Stored data entries
********

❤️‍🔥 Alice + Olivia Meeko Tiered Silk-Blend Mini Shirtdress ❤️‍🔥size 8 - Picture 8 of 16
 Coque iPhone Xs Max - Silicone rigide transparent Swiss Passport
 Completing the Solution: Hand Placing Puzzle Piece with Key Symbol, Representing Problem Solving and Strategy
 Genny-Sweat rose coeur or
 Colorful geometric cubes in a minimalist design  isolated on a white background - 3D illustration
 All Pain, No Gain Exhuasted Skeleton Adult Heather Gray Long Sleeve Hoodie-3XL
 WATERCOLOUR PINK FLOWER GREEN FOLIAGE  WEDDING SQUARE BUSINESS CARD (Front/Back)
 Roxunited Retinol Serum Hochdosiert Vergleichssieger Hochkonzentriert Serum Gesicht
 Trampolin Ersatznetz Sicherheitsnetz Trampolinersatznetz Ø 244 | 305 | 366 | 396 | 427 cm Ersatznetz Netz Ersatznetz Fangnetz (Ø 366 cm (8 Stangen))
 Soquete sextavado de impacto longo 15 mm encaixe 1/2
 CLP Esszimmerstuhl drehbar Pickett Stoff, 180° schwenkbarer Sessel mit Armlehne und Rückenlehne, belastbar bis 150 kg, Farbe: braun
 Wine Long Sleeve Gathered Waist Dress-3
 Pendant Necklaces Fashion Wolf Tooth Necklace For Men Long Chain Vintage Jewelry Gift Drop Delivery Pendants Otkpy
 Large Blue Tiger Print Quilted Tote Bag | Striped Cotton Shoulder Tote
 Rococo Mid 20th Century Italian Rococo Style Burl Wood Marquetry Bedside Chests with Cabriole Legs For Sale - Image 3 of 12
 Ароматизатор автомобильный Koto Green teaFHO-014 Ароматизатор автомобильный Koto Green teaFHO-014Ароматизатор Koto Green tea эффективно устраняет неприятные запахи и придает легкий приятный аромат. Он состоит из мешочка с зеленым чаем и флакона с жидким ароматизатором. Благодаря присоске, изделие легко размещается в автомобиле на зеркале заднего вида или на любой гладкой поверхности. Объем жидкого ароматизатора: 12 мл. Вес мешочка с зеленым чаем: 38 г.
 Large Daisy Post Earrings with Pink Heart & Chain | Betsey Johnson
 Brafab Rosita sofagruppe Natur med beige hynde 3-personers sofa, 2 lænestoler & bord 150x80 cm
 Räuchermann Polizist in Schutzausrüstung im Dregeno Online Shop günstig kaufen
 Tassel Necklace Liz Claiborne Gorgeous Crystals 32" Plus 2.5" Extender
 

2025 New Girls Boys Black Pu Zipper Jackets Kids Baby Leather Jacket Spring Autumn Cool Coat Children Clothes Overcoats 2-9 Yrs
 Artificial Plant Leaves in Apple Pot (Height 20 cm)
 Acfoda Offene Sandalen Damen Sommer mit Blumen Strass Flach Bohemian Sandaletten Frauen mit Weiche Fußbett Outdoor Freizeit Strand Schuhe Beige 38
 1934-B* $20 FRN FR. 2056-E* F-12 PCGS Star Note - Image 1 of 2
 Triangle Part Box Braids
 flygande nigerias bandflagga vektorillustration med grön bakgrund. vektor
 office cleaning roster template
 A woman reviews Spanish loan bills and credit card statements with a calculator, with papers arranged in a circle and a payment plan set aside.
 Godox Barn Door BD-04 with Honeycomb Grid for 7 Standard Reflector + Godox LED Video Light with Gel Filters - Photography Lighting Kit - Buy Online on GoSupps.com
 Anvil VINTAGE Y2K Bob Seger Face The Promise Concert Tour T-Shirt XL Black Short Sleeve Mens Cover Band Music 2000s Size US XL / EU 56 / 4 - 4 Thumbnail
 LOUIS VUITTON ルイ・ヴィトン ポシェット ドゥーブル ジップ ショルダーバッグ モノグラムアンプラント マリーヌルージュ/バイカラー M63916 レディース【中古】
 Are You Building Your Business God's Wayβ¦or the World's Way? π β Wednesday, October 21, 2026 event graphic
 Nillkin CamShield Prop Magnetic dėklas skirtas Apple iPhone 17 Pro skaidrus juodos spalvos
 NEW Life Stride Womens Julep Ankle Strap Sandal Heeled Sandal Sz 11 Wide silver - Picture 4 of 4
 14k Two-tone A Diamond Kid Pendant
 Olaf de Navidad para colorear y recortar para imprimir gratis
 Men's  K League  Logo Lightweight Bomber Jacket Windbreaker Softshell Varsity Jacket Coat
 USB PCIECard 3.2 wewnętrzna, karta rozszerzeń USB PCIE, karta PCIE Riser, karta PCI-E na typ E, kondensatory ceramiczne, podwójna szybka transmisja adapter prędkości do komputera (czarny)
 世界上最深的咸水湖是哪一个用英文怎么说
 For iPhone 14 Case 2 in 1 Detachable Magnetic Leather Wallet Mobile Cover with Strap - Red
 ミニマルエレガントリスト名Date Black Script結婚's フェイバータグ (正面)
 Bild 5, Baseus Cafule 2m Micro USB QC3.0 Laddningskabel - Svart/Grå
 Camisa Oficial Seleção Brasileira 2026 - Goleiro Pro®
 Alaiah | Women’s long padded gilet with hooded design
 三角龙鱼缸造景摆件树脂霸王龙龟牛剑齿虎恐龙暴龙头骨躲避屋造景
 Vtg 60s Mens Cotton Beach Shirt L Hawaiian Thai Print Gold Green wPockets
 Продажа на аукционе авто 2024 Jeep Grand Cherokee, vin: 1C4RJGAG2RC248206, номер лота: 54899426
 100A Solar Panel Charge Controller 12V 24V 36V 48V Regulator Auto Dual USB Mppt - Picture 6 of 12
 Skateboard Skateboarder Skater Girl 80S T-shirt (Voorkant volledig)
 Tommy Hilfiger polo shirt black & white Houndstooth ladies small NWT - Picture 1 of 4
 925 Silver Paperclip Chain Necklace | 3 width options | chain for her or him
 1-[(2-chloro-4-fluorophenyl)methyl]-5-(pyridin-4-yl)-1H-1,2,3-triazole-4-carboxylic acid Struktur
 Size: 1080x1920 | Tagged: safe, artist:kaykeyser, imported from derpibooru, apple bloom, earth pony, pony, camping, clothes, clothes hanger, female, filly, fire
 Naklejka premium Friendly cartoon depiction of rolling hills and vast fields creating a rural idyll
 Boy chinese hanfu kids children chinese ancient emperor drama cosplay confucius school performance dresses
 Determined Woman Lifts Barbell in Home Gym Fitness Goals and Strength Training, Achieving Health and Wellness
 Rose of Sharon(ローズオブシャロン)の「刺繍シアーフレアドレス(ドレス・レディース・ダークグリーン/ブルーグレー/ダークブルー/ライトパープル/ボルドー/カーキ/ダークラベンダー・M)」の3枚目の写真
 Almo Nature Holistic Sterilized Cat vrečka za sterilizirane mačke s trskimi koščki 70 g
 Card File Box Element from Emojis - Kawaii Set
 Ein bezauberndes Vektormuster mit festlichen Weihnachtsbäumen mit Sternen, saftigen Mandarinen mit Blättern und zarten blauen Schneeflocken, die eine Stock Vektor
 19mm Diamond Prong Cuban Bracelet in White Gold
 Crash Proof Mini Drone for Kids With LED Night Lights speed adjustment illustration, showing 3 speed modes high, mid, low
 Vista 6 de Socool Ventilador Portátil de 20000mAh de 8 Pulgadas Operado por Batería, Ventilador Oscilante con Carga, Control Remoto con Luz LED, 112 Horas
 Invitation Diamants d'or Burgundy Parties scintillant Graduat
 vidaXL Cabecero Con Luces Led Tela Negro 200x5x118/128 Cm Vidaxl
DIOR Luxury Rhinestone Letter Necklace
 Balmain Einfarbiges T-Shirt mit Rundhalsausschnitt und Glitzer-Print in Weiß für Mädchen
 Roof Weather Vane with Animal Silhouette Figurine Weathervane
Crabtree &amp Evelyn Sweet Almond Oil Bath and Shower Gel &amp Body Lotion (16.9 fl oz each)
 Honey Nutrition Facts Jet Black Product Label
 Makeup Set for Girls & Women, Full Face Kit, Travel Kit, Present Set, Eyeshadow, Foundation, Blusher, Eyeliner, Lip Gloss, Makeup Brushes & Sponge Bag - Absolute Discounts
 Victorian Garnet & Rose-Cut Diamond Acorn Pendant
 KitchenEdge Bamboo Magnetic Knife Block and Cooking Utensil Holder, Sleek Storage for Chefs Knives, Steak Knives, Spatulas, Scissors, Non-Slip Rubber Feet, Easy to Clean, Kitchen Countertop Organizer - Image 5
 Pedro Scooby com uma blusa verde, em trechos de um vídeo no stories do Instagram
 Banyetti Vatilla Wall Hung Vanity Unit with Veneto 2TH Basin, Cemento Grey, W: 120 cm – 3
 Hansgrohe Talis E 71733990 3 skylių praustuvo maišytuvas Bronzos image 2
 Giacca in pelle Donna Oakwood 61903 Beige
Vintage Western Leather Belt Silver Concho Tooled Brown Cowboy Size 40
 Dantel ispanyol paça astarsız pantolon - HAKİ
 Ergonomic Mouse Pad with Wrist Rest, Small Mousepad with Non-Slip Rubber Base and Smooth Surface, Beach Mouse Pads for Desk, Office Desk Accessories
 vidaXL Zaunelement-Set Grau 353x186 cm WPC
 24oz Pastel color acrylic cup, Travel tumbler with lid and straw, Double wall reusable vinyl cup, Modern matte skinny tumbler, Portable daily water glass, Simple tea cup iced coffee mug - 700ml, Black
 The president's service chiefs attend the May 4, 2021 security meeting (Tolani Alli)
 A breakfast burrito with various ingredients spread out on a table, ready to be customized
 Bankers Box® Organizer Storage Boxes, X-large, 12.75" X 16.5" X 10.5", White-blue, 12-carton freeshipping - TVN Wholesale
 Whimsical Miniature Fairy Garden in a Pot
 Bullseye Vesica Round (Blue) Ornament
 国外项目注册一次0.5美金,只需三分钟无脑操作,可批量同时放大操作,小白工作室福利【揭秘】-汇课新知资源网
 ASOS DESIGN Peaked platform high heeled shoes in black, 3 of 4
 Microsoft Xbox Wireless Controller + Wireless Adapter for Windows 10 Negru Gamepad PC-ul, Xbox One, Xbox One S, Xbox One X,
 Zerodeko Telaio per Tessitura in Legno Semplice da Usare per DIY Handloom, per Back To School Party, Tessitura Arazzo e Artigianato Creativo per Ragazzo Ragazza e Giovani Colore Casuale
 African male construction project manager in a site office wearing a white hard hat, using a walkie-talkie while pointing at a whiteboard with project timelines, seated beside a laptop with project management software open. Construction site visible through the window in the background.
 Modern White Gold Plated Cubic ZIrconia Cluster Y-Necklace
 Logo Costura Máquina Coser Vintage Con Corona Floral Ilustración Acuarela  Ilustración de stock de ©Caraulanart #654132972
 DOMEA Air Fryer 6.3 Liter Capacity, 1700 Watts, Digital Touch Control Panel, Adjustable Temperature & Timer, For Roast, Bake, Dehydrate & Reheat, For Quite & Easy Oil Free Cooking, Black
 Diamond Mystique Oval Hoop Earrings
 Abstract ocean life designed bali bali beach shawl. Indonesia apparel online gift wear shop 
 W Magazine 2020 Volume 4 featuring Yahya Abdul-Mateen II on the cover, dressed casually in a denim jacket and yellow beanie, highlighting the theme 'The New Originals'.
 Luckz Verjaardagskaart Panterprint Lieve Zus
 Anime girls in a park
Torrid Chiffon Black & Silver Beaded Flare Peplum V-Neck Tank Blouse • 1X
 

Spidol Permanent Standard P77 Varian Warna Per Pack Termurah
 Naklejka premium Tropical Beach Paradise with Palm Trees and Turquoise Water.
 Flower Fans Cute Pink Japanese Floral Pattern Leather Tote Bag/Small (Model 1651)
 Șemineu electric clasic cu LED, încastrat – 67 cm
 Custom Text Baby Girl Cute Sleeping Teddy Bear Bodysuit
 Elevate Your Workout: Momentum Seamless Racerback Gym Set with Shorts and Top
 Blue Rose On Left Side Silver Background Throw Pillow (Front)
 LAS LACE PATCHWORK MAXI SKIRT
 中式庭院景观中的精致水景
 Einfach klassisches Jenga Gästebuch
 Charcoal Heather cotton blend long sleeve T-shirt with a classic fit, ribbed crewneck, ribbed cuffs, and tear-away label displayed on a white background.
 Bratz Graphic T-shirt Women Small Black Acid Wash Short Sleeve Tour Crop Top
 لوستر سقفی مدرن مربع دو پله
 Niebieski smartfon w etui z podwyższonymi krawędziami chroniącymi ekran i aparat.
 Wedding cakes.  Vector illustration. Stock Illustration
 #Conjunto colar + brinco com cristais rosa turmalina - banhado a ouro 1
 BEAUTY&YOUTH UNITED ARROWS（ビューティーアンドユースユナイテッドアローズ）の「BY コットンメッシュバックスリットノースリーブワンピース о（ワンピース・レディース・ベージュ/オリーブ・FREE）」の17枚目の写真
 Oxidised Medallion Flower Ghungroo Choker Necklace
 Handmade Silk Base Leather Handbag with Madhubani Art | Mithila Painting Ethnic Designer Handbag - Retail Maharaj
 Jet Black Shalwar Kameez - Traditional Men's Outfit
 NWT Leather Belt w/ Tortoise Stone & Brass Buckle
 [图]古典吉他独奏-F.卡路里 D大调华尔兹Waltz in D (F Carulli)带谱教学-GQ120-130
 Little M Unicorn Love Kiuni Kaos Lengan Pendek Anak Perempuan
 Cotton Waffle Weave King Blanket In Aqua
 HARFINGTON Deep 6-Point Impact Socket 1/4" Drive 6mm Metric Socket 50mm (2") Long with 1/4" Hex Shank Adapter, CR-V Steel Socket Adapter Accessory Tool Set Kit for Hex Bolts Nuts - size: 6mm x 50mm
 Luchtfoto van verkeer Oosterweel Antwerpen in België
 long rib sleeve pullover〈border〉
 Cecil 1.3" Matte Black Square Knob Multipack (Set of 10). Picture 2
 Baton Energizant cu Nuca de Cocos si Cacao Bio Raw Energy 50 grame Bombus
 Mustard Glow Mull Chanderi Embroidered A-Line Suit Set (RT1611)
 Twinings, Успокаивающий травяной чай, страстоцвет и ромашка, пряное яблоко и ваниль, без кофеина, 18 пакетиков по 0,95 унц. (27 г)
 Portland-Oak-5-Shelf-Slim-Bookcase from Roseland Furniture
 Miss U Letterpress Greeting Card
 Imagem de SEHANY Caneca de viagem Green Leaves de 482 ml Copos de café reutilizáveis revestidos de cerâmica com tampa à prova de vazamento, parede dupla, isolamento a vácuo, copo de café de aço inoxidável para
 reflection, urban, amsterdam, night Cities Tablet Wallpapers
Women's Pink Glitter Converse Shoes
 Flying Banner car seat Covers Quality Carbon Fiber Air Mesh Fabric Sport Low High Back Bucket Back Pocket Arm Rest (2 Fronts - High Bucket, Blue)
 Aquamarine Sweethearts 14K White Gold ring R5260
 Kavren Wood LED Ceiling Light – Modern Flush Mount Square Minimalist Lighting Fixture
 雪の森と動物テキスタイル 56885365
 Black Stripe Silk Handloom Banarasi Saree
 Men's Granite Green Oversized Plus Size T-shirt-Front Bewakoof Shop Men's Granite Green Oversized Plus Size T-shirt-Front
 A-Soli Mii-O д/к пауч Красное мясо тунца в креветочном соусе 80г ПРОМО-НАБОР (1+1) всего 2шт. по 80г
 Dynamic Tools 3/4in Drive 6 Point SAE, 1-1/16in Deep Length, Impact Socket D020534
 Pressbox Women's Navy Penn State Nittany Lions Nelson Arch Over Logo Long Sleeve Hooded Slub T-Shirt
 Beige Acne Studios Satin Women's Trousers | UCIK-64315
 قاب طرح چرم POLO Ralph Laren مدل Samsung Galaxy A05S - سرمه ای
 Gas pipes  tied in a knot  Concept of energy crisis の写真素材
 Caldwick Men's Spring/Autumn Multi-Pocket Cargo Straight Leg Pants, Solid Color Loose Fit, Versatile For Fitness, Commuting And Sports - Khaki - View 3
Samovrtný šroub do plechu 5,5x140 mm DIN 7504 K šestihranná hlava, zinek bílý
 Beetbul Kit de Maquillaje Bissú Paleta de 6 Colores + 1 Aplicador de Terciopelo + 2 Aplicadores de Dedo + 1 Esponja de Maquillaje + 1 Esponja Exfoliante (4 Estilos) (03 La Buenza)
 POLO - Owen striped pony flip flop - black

********

# [Requirement]
Stop after the line containing "Soquete sextavado de": print exactly the lines from the start of the entries above up to it, that line included.

# [Response area]
❤️‍🔥 Alice + Olivia Meeko Tiered Silk-Blend Mini Shirtdress ❤️‍🔥size 8 - Picture 8 of 16
 Coque iPhone Xs Max - Silicone rigide transparent Swiss Passport
 Completing the Solution: Hand Placing Puzzle Piece with Key Symbol, Representing Problem Solving and Strategy
 Genny-Sweat rose coeur or
 Colorful geometric cubes in a minimalist design  isolated on a white background - 3D illustration
 All Pain, No Gain Exhuasted Skeleton Adult Heather Gray Long Sleeve Hoodie-3XL
 WATERCOLOUR PINK FLOWER GREEN FOLIAGE  WEDDING SQUARE BUSINESS CARD (Front/Back)
 Roxunited Retinol Serum Hochdosiert Vergleichssieger Hochkonzentriert Serum Gesicht
 Trampolin Ersatznetz Sicherheitsnetz Trampolinersatznetz Ø 244 | 305 | 366 | 396 | 427 cm Ersatznetz Netz Ersatznetz Fangnetz (Ø 366 cm (8 Stangen))
 Soquete sextavado de impacto longo 15 mm encaixe 1/2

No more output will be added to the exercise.